**Exercise instructions:** In your copy of the data, omit the pictures and keep all else exactly as given.

*** Opening Record extracts ***

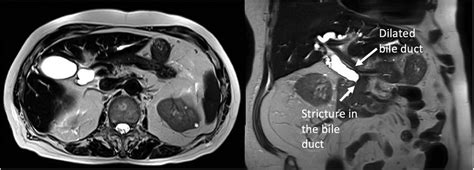 Distal Bile Duct Stricture With Upstream Dilatation Download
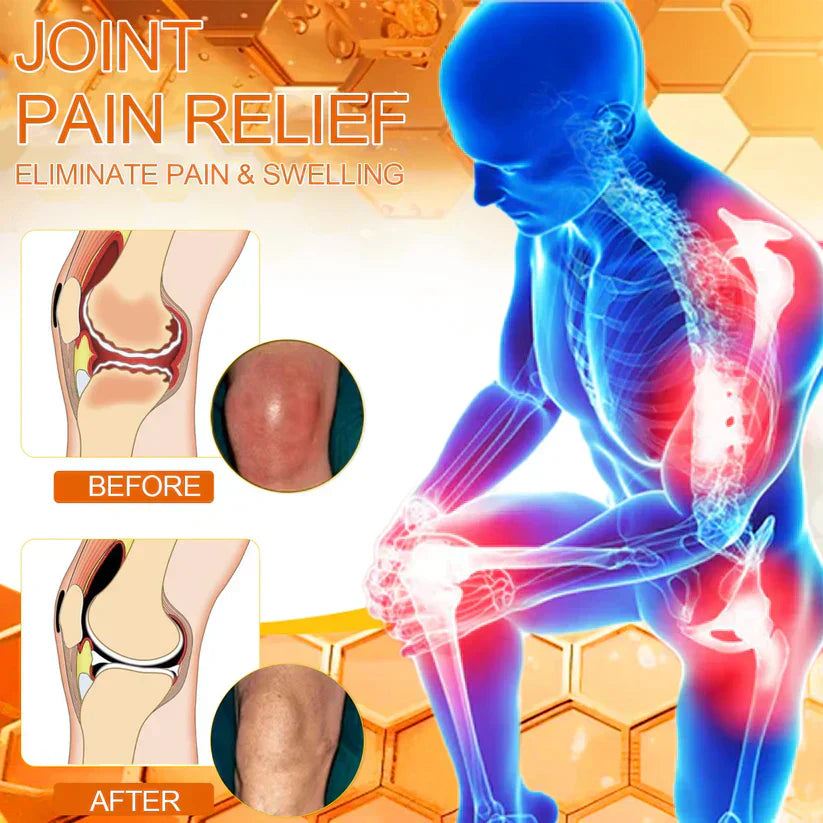 🐝 ODEIUN™ Magnesium & Bee Venom Joint Spray | Relieve Stiffness & Pain in 4 Weeks — No Rebound, Just Results 💪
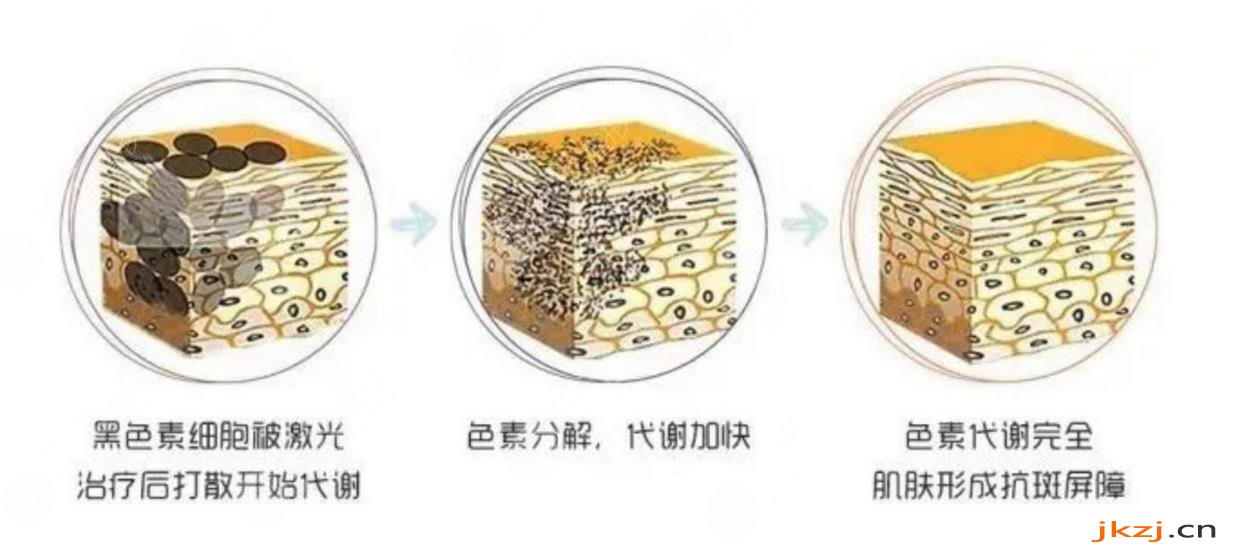 激光去雀斑的果可以维持多久?
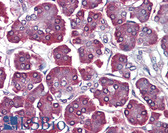 Anti-PDCD5 Antibody (C-Terminus) IHC-plus LS-B4167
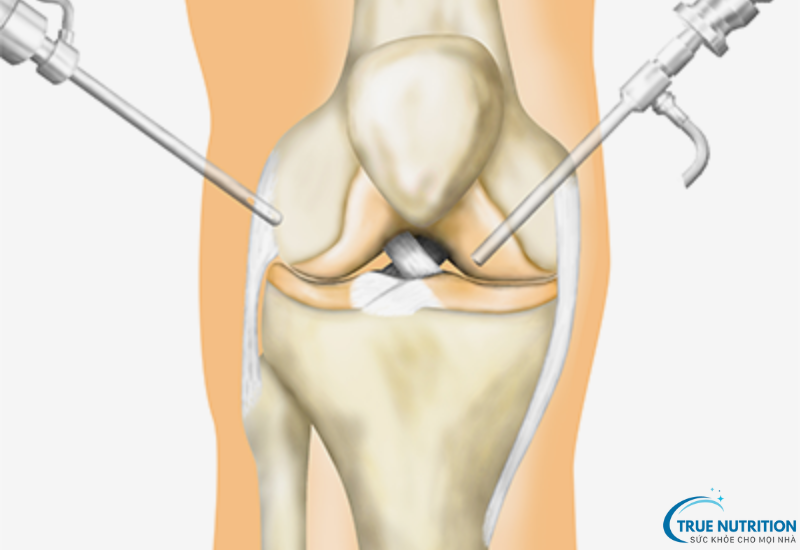 Nội Soi Khớp Gối: Phương Pháp Chẩn Đoán Và Điều Trị Các Bệnh Lý Khớp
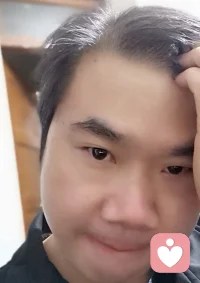 一直都渴望有好看的雙眼皮、濃密的頭發，想給自己咨詢一下，發現受咨詢目標限制！配圖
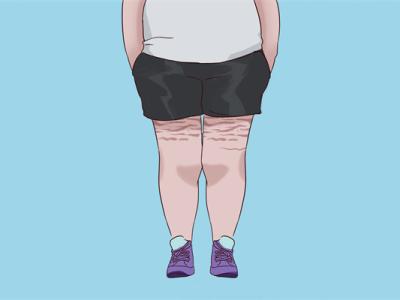 常見的減肥誤區(qū)都有哪些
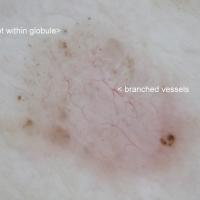 Dermoscopic appearance of previous figureDot…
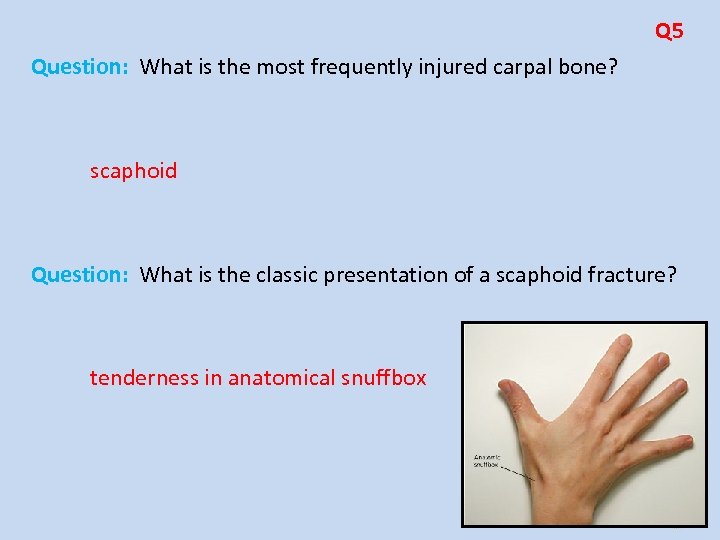 Q 5 Question: What is the most frequently injured carpal bone? scaphoid Question: What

*** Closing Record extracts ***

**Result of the exercise:**
 Distal Bile Duct Stricture With Upstream Dilatation Download
 🐝 ODEIUN™ Magnesium & Bee Venom Joint Spray | Relieve Stiffness & Pain in 4 Weeks — No Rebound, Just Results 💪
 激光去雀斑的果可以维持多久?
 Anti-PDCD5 Antibody (C-Terminus) IHC-plus LS-B4167
 Nội Soi Khớp Gối: Phương Pháp Chẩn Đoán Và Điều Trị Các Bệnh Lý Khớp
 一直都渴望有好看的雙眼皮、濃密的頭發，想給自己咨詢一下，發現受咨詢目標限制！配圖
 常見的減肥誤區(qū)都有哪些
 Dermoscopic appearance of previous figureDot…
 Q 5 Question: What is the most frequently injured carpal bone? scaphoid Question: What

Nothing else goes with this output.